LIGNES DE DEFENSE : Flagrante complicité

Le premier Ministre Aminata Touré, le Ministre de la Justice, Me Sidiki Kaba, la France, les Usa, les Chambres africaines, l’administration pénitentiaire et la police politique de Déby composent cette alliance politique internationale dont le but spécifique est de nuire à un homme qui a toujours su dire « NON » à l’impérialisme occidental. Aujourd’hui, ils veulent humilier ce héros africain, jusque dans sa cellule peut-être, en le filmant, le photographiant, après l’avoir kidnappé devant ses enfants.

Le laconique et tardif communiqué de l’Administration pénitentiaire sénégalaise en réaction à celui des avocats du président Habré publié 24heures avant, confirme à suffisance la thèse du complot.
« Je ne comprends pas que cela puisse justifier le communiqué du collectif des défenseurs de Habré. Je ne vois pas contre qui ils devraient le défendre. C’est juste un partenariat que l’on exécute dans un but pédagogique. En quoi cela constitue-t-il un danger pour la sécurité de Hissène Habré. Nous sommes très regardants sur la sécurité des détenus et on n’a de compte à rendre à qui que ce soit. » a déclaré Abdourahmane Ndiaye de l’administration pénitentiaire. Tissu de mensonge…

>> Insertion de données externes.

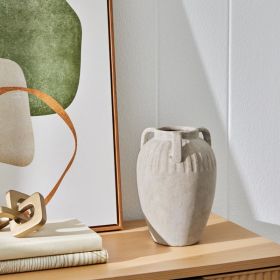 Three Handled Ceramic Vase, 10", Ivory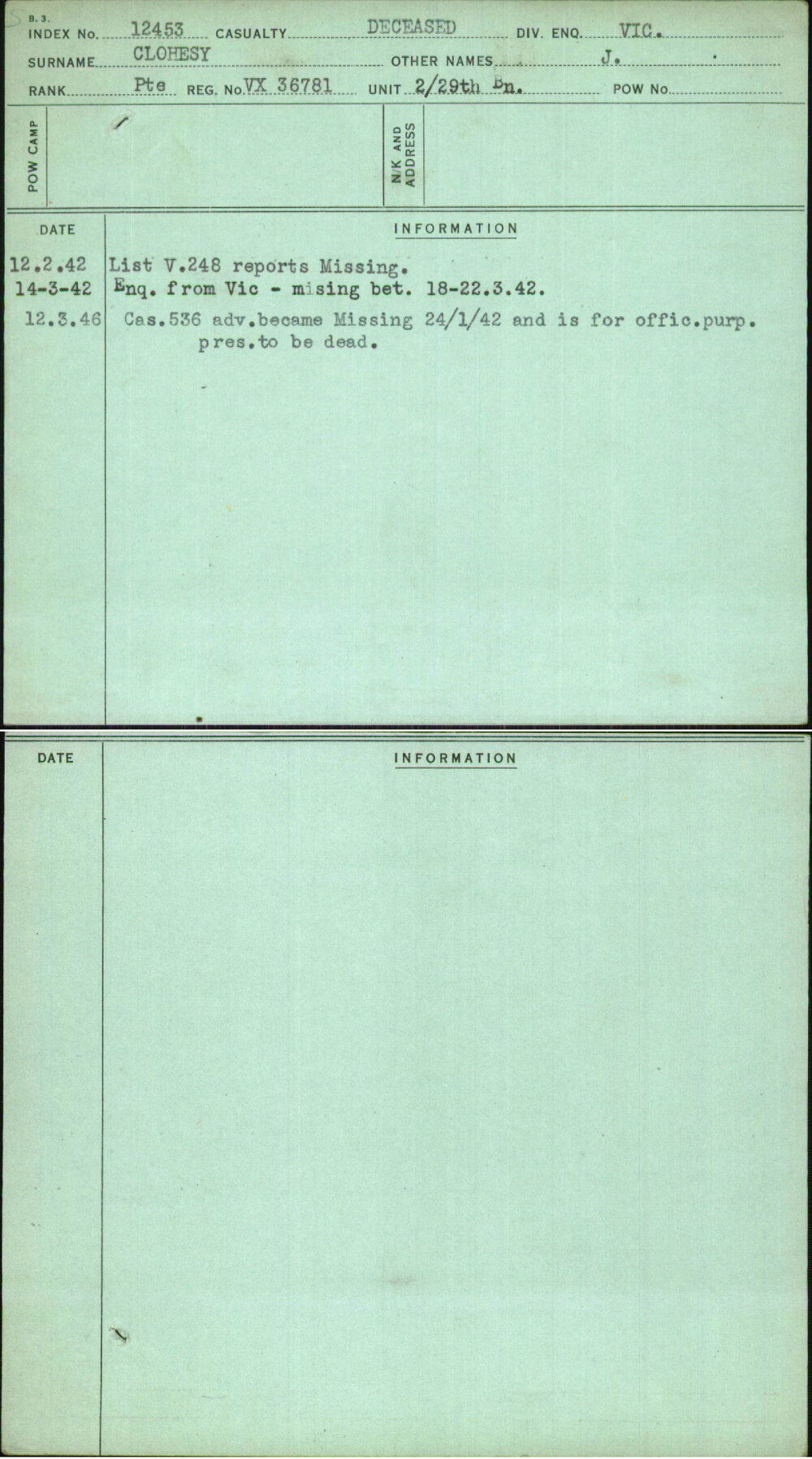 Clohesy, J, VX36781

« Un partenariat que l’on exécute dans un but pédagogique » dit-il. Curieusement, cette « mission commando » s’est rendue dans la cellule du président Habré, quelques jours seulement après la visite du Ministre de la Justice Me Sidiki Kaba dans les prisons dakaroises et la remise du chèque de 500 millions de FCFA par le colon Stepen Rapp, représentant la contribution des Usa pour l’organisation du procès. La coïncidence est troublante.

Qui est ce qui est plus habilité à diriger cette délégation autre que le Ministre de la Justice lui-même ? Comment se fait-il que cette visite soit organisée sans que le Directeur du Pavillon spécial, patron des lieux, ne soit informé au préalable ? Qu’est ce qui empêche l’administration pénitentiaire de lever le secret sur l’identité de ces personnes ? Le soupçon est permis puisque le communiqué ne nous rassure guère.
Le président Habré est un leader qui a toujours été au front pour défendre l’Afrique et son peuple. Il est donc intolérable que des individus, se croyant tout permis, venus on ne sait d’où, s’introduisent dans sa cellule, son domaine privé, sans son consentement. Cette violation est flagrante.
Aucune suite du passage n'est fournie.